Think of it: living before the devastation and slaughter of World War I, before the rise of Communism and the upheaval of the Russian Revolution, in an age far more innocent than our own. The prosperity and stability of the British Empire in the Victorian Era would, people thought, only grow stronger with a new king, in a new century, enlightened by the bright beams of progress.
Of course, not everyone was fooled.
In 1907, Monsignor Robert Hugh Benson, reading the signs most people didn’t noticed, published his dystopian End Times novel, Lord of the World. Set in the early twenty-first century, Benson foresaw a time when busy workers “had learned at least the primary lessons of the gospel that there was no God but man, no priest but the politician, no prophet but the schoolmaster.” He envisioned a world in which Christianity had all but vanished with little hope of resurgence, a world where the marginalization of Christians morphed into persecution and finally genocide.
In the novel, an elderly statesman explains the situation to an young priest: “First, you see, there was Materialism, pure and simple that failed more or less—it was too crude—until psychology came to the rescue. Now psychology claims all the rest of the ground; and the supernatural sense seems accounted for. That’s the claim. No, father, we are losing; and we shall go on losing, and I think we must ever be ready for a catastrophe at any moment.”
Lord of the World came to mind (mine and others) last Tuesday after hearing Princeton University’s McCormick Professor of Jurisprudence, Dr. Robert George at the tenth annual National Catholic Prayer Breakfast in Washington, DC.
“My message for you today is a somber one,” he began. “The days of acceptable Christianity are over. The days of comfortable Catholicism are past.
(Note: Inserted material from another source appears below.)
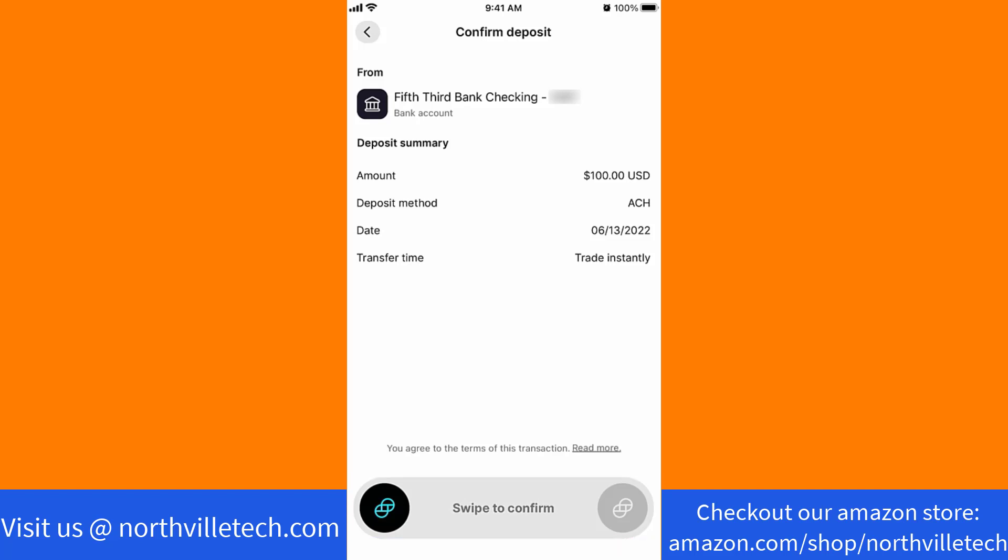Thank you so much for watching. If you have not yet subscribed to our YouTube channel, please subscribe as we create tech videos related to financial apps almost every day. Also, check out our website NorthvilleTech.com for great tech articles and our recommended resources in the description below for various sign-up bonuses.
It’s no longer easy to be a faithful Christian, a good Catholic, a faithful witness to the truths of the Gospel.”
Comparing our era to the events of Jesus’ Passion, he noted, “Things were easy in those Palm Sunday days, standing with Jesus and his truths was the in thing to do, to be part of the crowd, waving the palm branches, shouting ‘Hosanna!’” But Palm Sunday has passed; Good Friday looms with the crowds beginning to cry for crucifixion.
On Good Friday, he said, most of the disciples fled in fear and shame. Only the beloved apostle, John, and Mary, his mother, stayed with Jesus as he hung on the cross. George challenged each of us to decide whether or not to stay with them. “The question each of us must face is this: am I ashamed of the Gospel? And that question opens to others: am I willing to pay the price that will be demanded if I refuse to be ashamed? Am I willing to give public witness to the massively politically incorrect truths of the gospel?”
Standing for biblical teaching—specifically teaching about sexuality, marriage, and life—is no longer acceptable as Brendan Eich who lost his job as president of Mozilla, David and Jason Bentham who lost their show on HGTV, and others have discovered.
“They threaten us with consequences if we refuse to call what is good, evil, and what is evil, good,” said George, “They demand [we] conform our thinking to their orthodoxy, or else say nothing at all.” Break their rules and, like the beleaguered Christians in Benson’s novel, we could pay a steep price in our careers, our social standing, our friendships, our fortunes, and our futures.